__AVAILABLE RECORDS__:
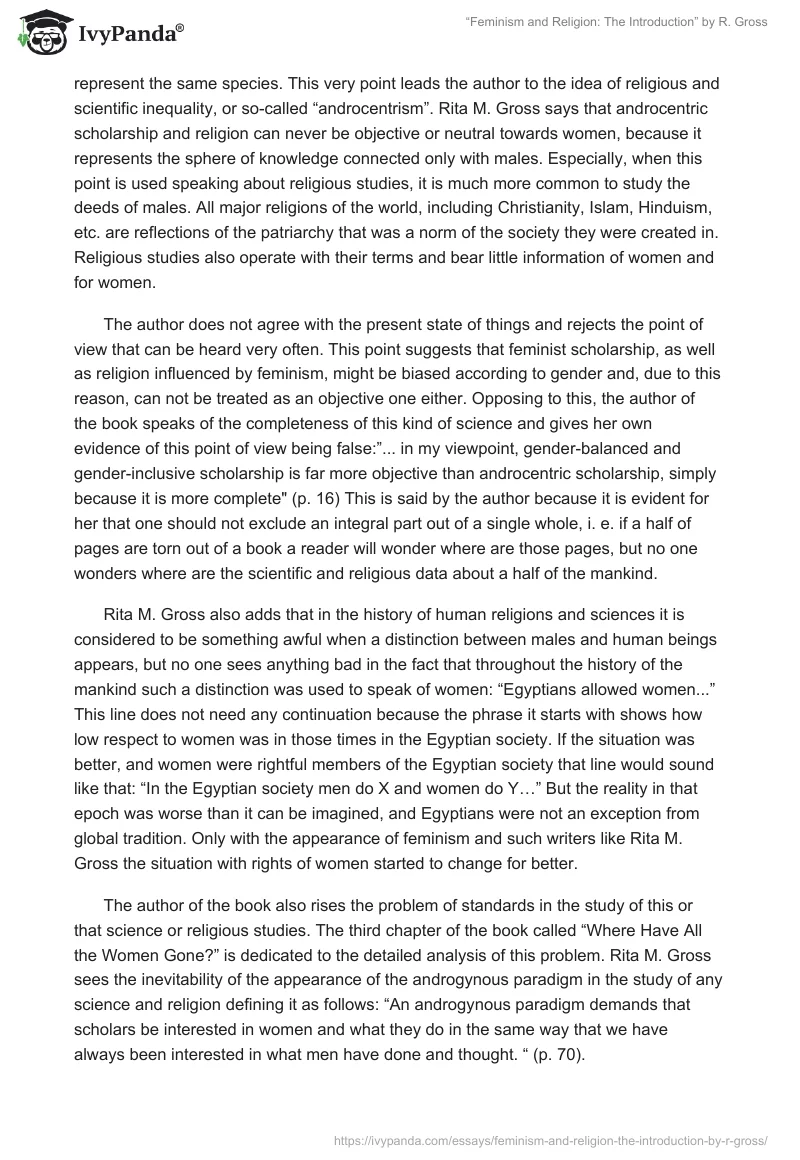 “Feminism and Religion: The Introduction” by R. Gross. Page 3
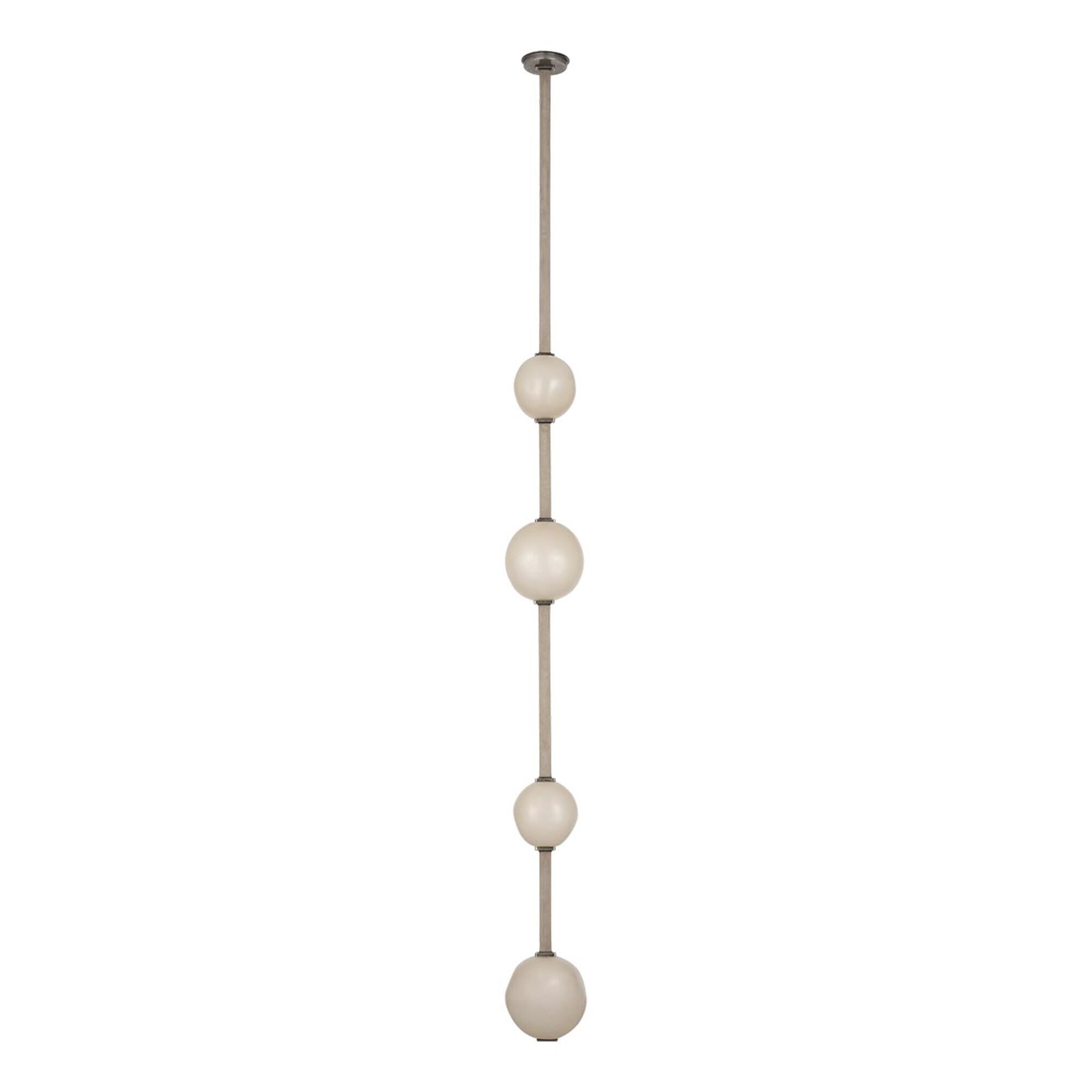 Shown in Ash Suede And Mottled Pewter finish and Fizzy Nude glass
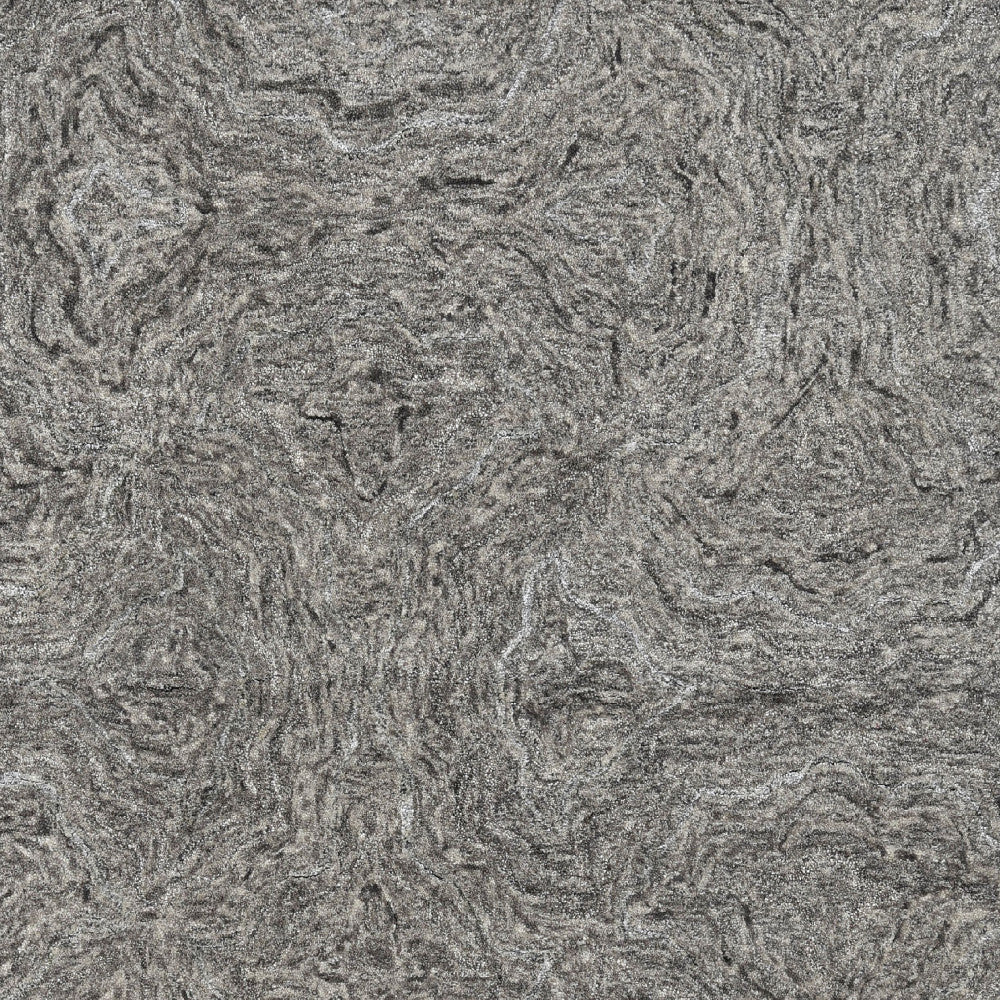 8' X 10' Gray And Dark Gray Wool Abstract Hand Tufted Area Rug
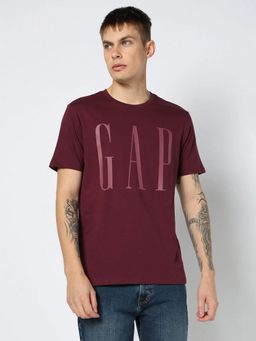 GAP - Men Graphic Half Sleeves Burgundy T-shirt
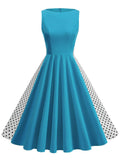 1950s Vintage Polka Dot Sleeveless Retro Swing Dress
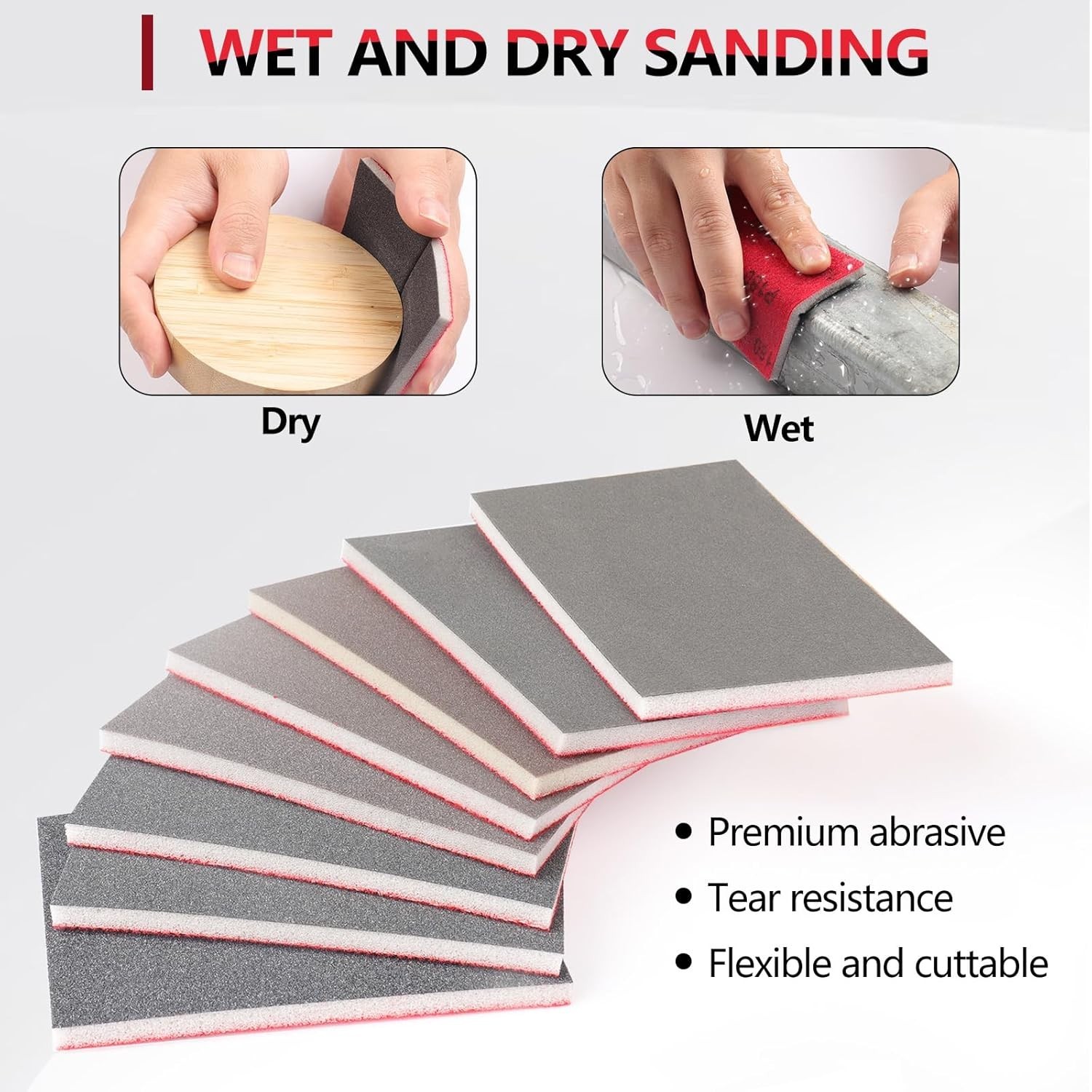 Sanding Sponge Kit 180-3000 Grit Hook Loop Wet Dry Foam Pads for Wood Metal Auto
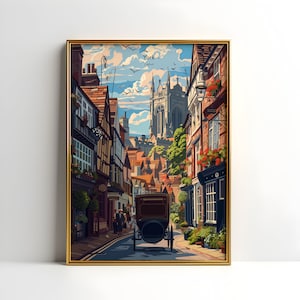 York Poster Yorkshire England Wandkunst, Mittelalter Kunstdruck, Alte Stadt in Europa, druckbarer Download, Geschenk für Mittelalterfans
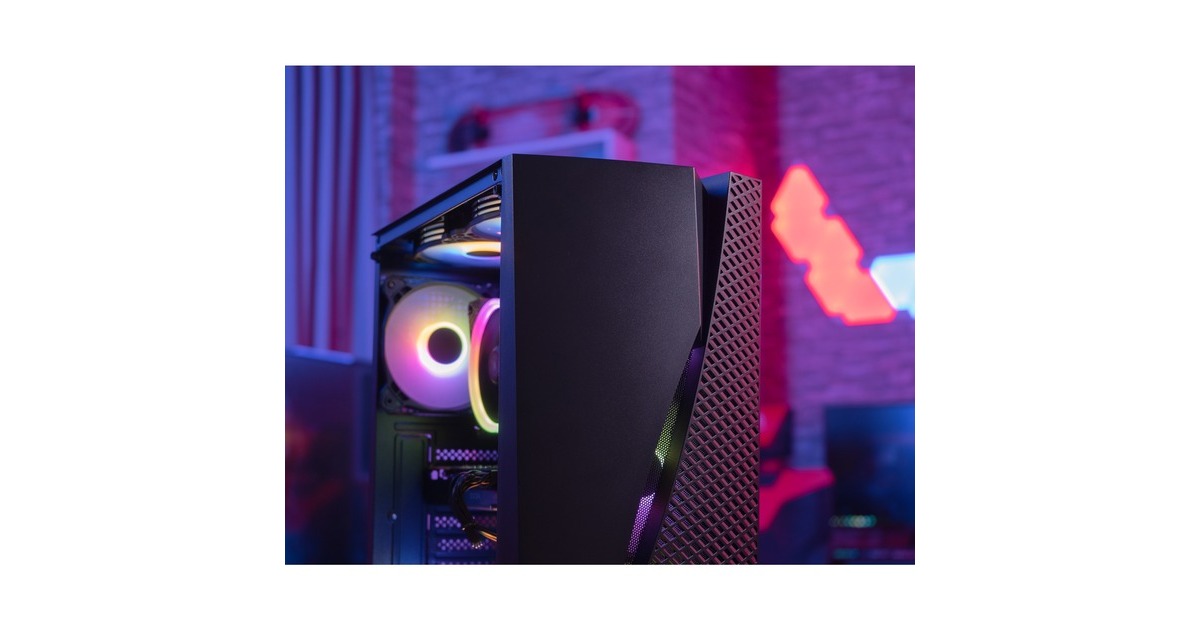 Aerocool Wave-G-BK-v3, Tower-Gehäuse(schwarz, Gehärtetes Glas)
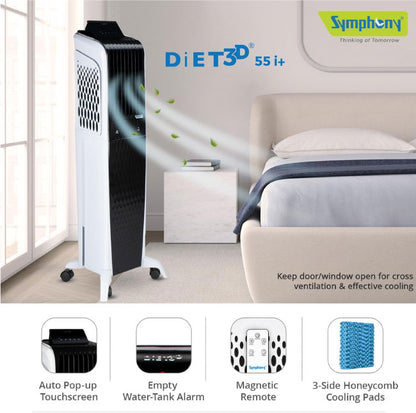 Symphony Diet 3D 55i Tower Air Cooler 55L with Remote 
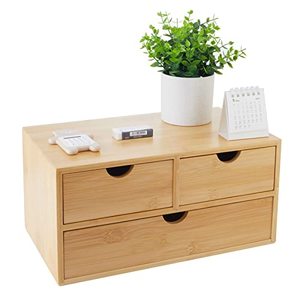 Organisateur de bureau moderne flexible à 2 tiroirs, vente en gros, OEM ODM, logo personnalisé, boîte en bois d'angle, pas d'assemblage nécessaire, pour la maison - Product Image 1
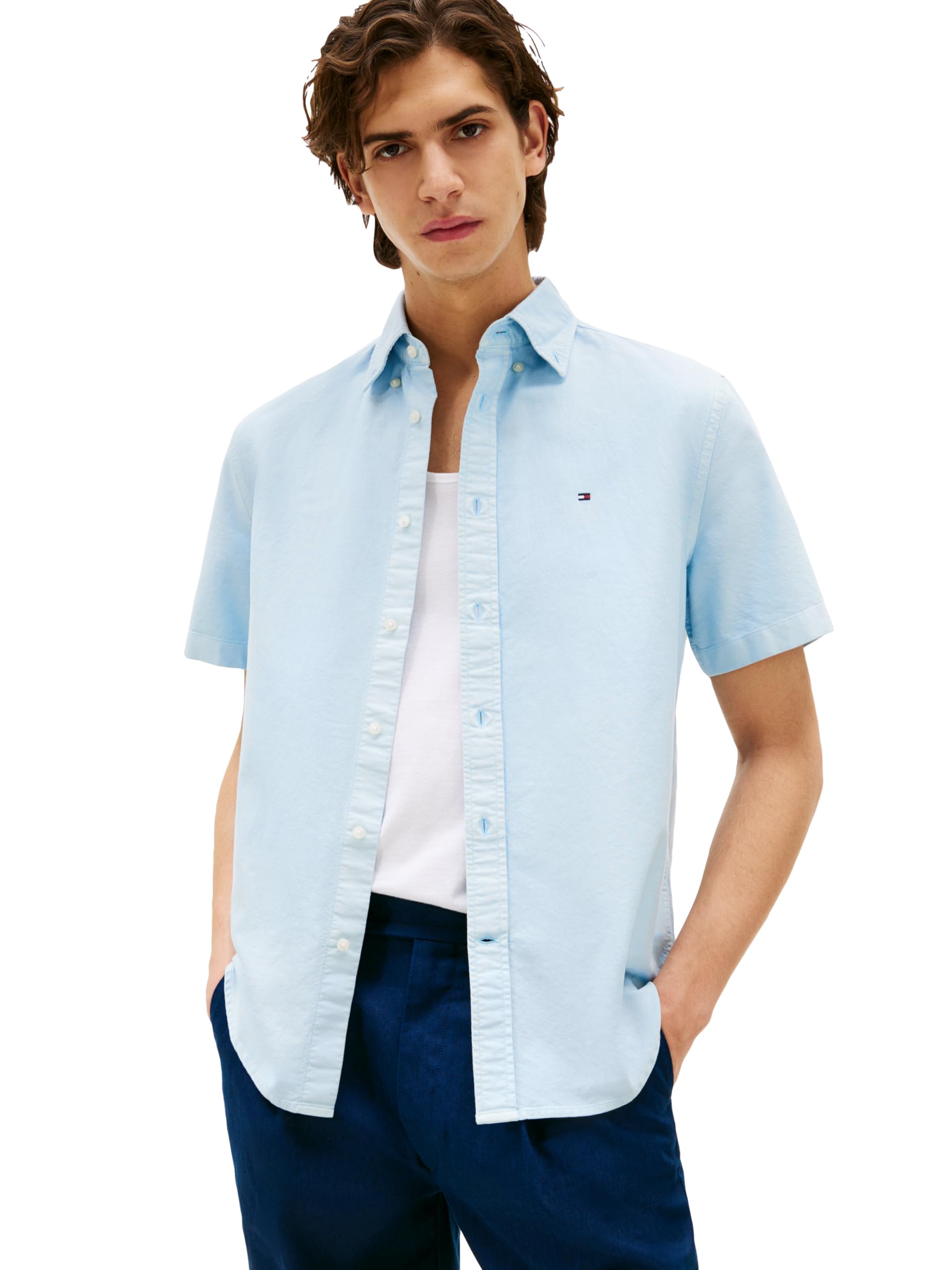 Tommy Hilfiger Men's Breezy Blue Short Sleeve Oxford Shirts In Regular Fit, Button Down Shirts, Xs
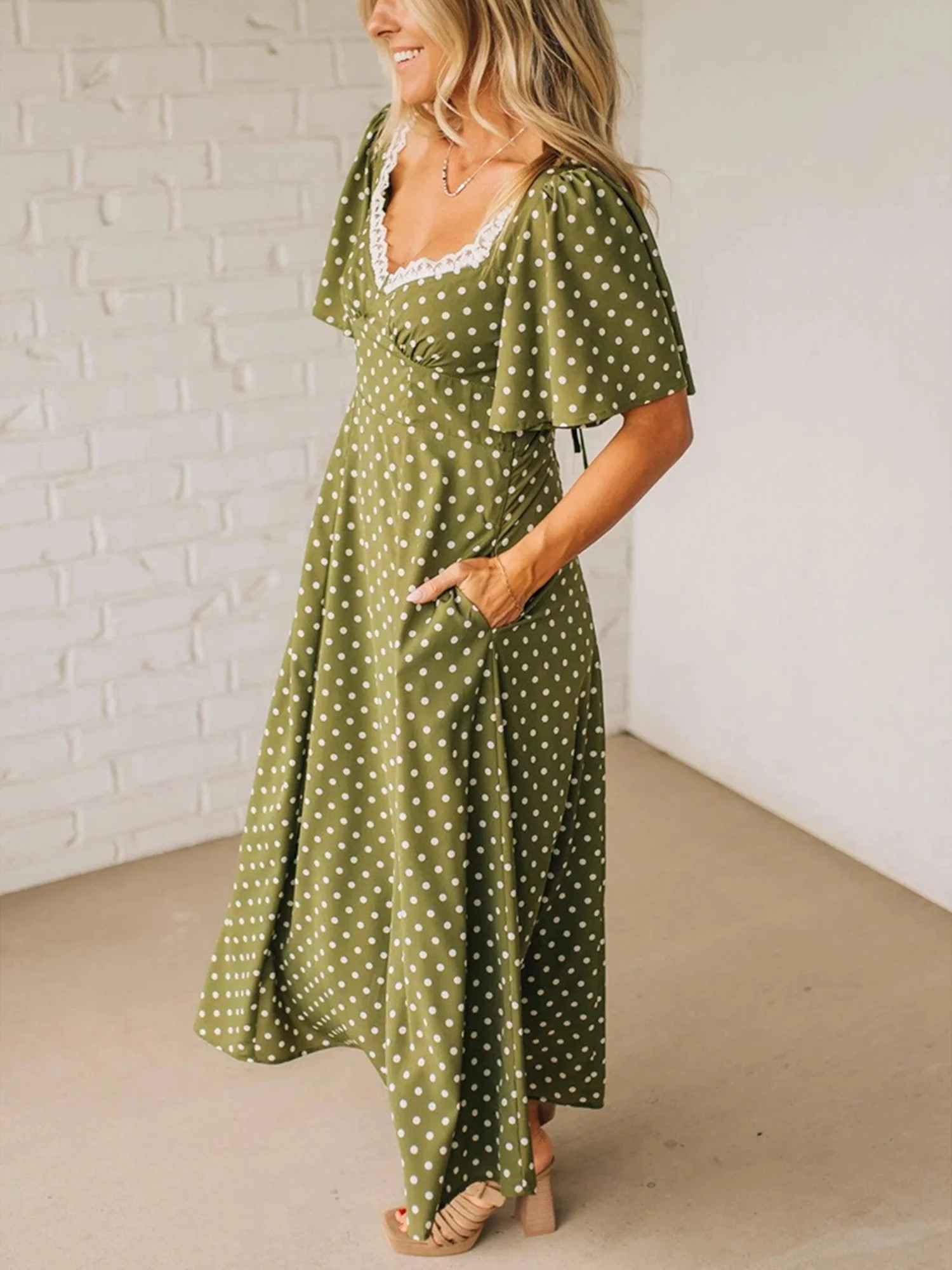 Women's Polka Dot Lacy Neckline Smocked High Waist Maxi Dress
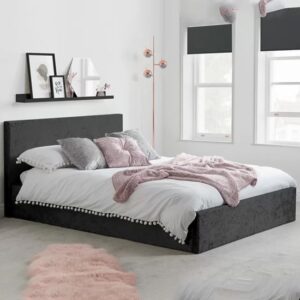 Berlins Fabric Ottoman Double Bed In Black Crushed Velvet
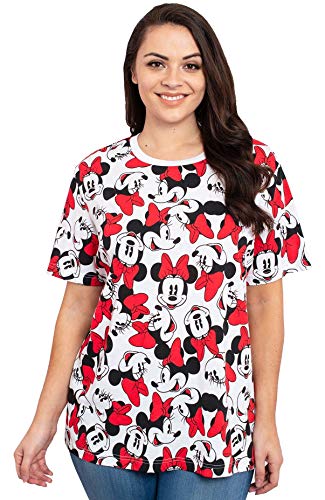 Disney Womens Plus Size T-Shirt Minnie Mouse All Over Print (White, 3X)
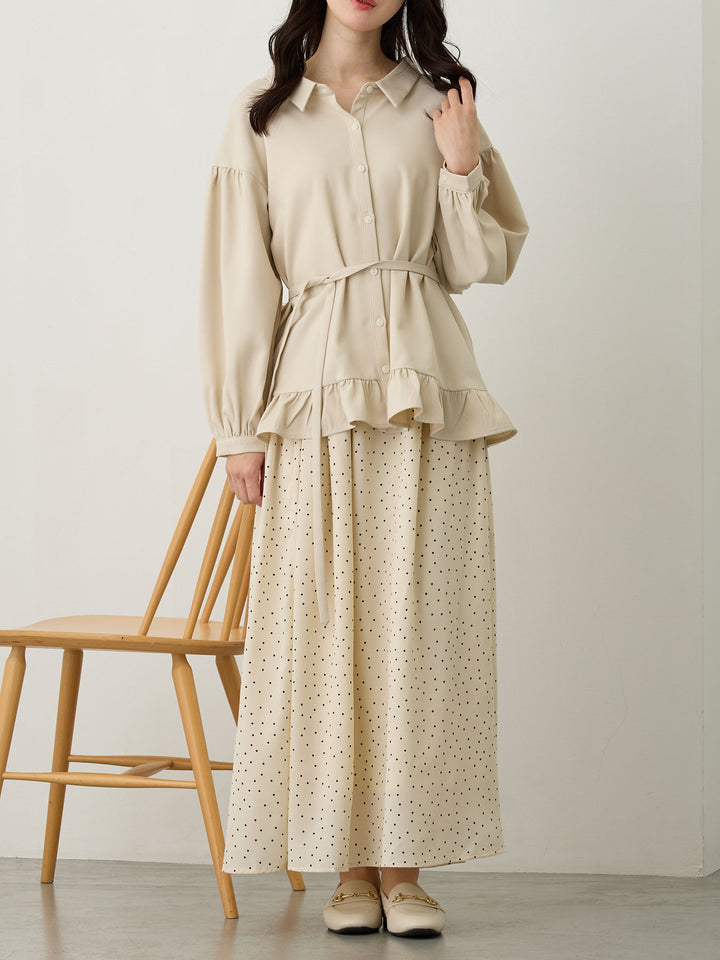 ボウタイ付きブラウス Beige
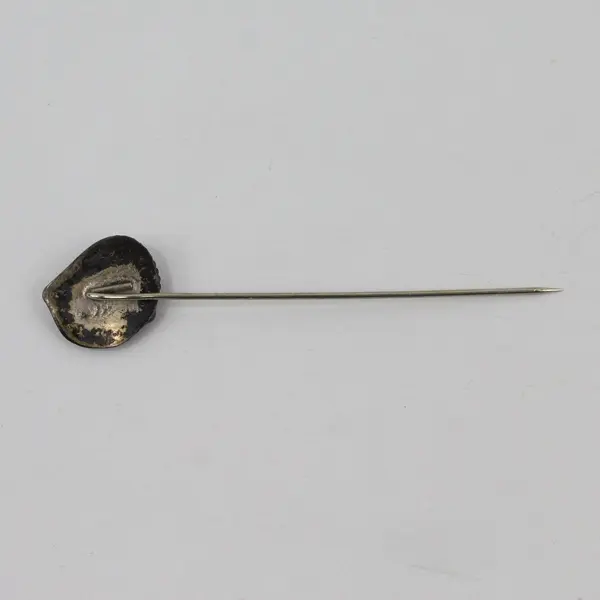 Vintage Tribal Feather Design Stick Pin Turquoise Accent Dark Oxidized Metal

__WHAT THE EXERCISE ASKS__:
What the answer needs is every line from the one containing "GAP - Men Graphic" through the final line of the data above, copied exactly, without pictures.

__EXERCISE OUTPUT__:
 GAP - Men Graphic Half Sleeves Burgundy T-shirt
 1950s Vintage Polka Dot Sleeveless Retro Swing Dress
 Sanding Sponge Kit 180-3000 Grit Hook Loop Wet Dry Foam Pads for Wood Metal Auto
 York Poster Yorkshire England Wandkunst, Mittelalter Kunstdruck, Alte Stadt in Europa, druckbarer Download, Geschenk für Mittelalterfans
 Aerocool Wave-G-BK-v3, Tower-Gehäuse(schwarz, Gehärtetes Glas)
 Symphony Diet 3D 55i Tower Air Cooler 55L with Remote 
 Organisateur de bureau moderne flexible à 2 tiroirs, vente en gros, OEM ODM, logo personnalisé, boîte en bois d'angle, pas d'assemblage nécessaire, pour la maison - Product Image 1
 Tommy Hilfiger Men's Breezy Blue Short Sleeve Oxford Shirts In Regular Fit, Button Down Shirts, Xs
 Women's Polka Dot Lacy Neckline Smocked High Waist Maxi Dress
 Berlins Fabric Ottoman Double Bed In Black Crushed Velvet
 Disney Womens Plus Size T-Shirt Minnie Mouse All Over Print (White, 3X)
 ボウタイ付きブラウス Beige
 Vintage Tribal Feather Design Stick Pin Turquoise Accent Dark Oxidized Metal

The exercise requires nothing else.